▸ **THE TASK**
Return only the lines below starting at the line containing "Used 2023 Jeep" and ending at the line containing "Seattle Hill-Silver Firs", both included, exactly as they are and with no pictures.

▸ **EXTRACTED RECORDS**
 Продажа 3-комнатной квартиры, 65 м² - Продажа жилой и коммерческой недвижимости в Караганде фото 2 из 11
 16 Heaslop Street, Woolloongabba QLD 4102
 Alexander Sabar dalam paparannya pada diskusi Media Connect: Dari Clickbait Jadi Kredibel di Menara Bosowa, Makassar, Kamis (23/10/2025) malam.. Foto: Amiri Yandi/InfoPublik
...
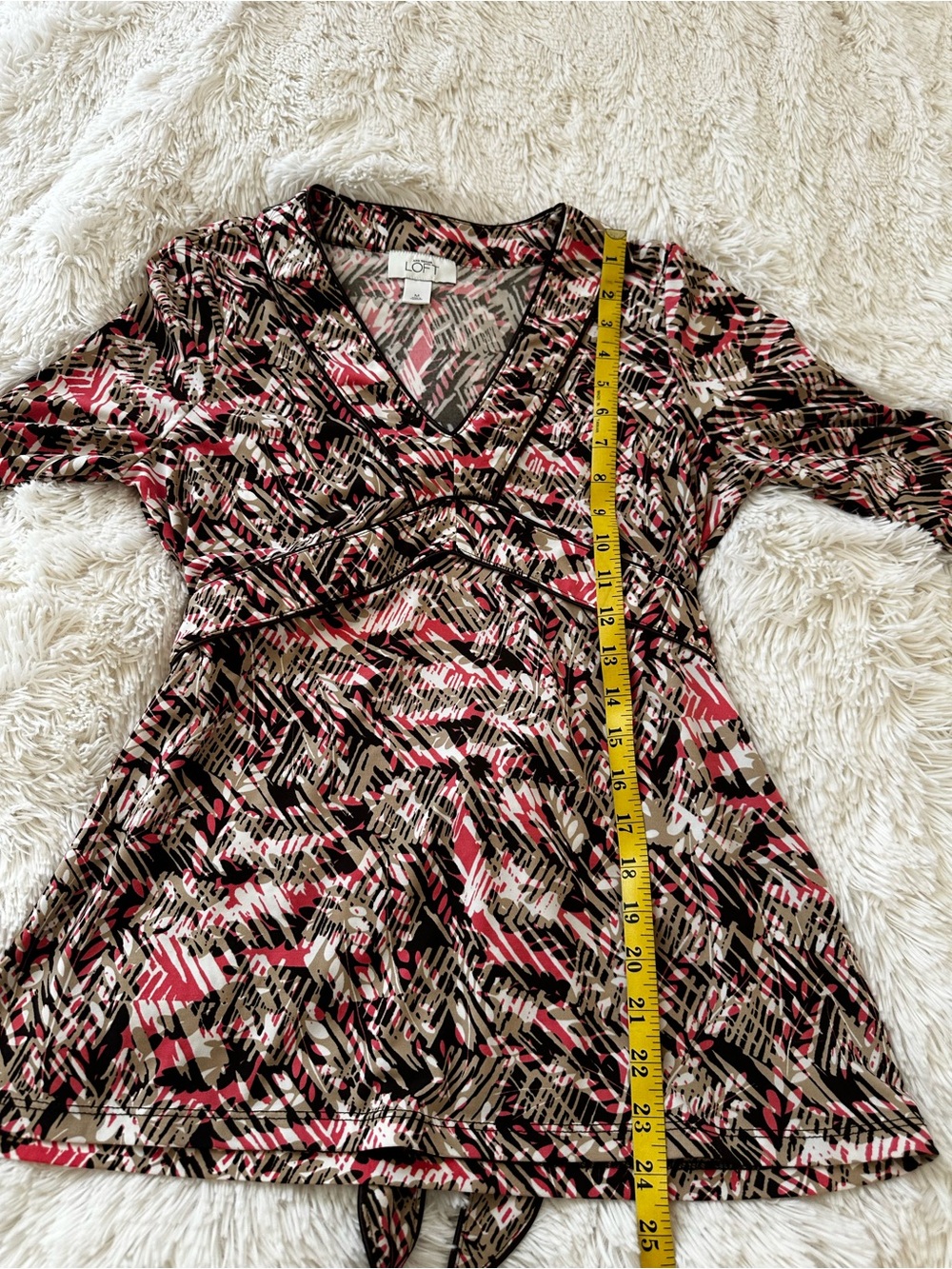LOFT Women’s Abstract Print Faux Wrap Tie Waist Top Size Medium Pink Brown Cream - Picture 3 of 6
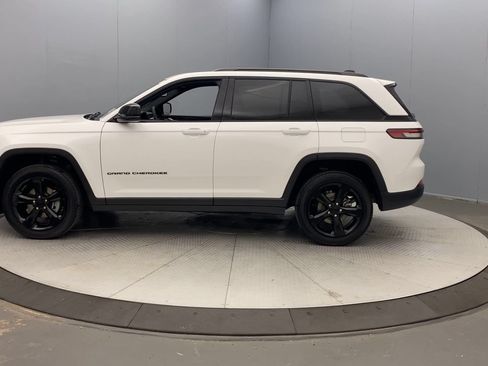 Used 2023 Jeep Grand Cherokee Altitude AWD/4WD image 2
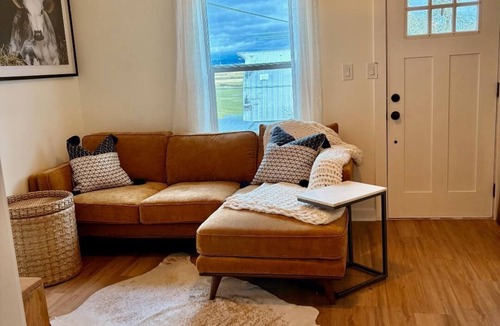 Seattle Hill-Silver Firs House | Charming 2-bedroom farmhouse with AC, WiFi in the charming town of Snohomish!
==
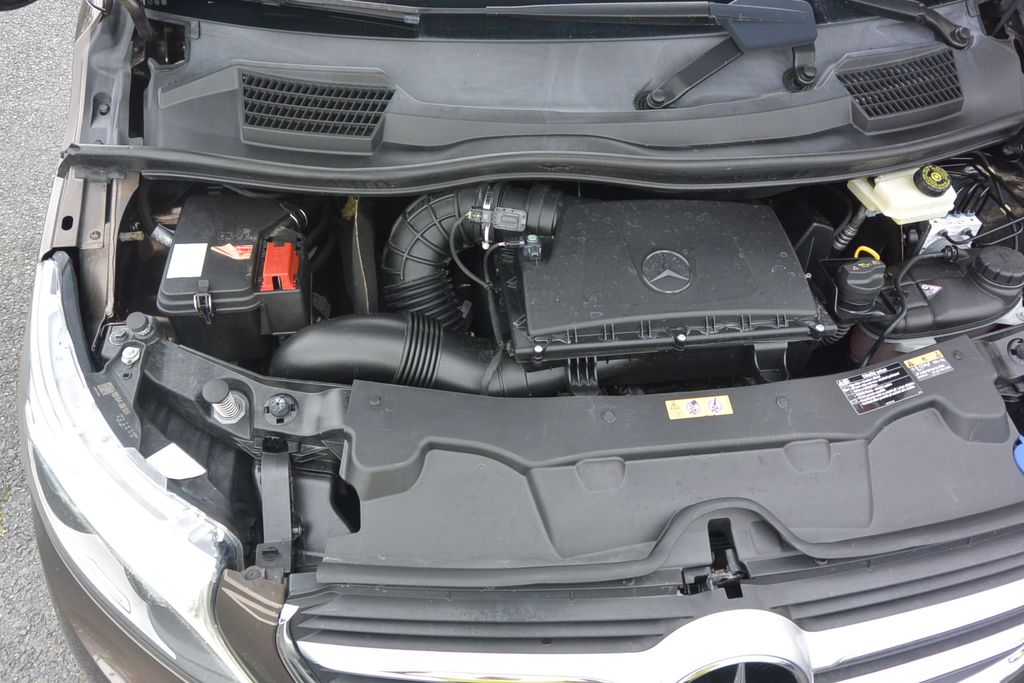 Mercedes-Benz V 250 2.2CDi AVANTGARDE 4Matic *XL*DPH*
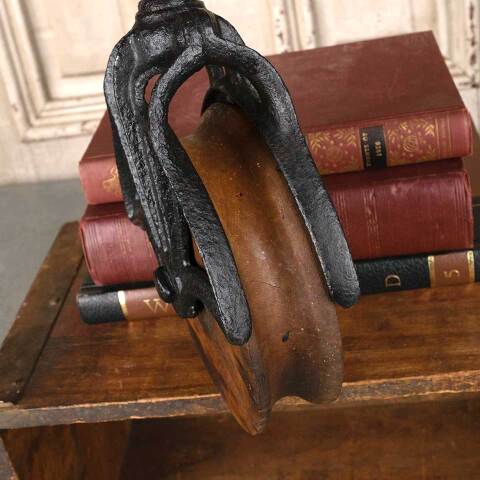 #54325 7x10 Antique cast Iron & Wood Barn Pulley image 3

▸ **REPLY**
 Used 2023 Jeep Grand Cherokee Altitude AWD/4WD image 2
 Seattle Hill-Silver Firs House | Charming 2-bedroom farmhouse with AC, WiFi in the charming town of Snohomish!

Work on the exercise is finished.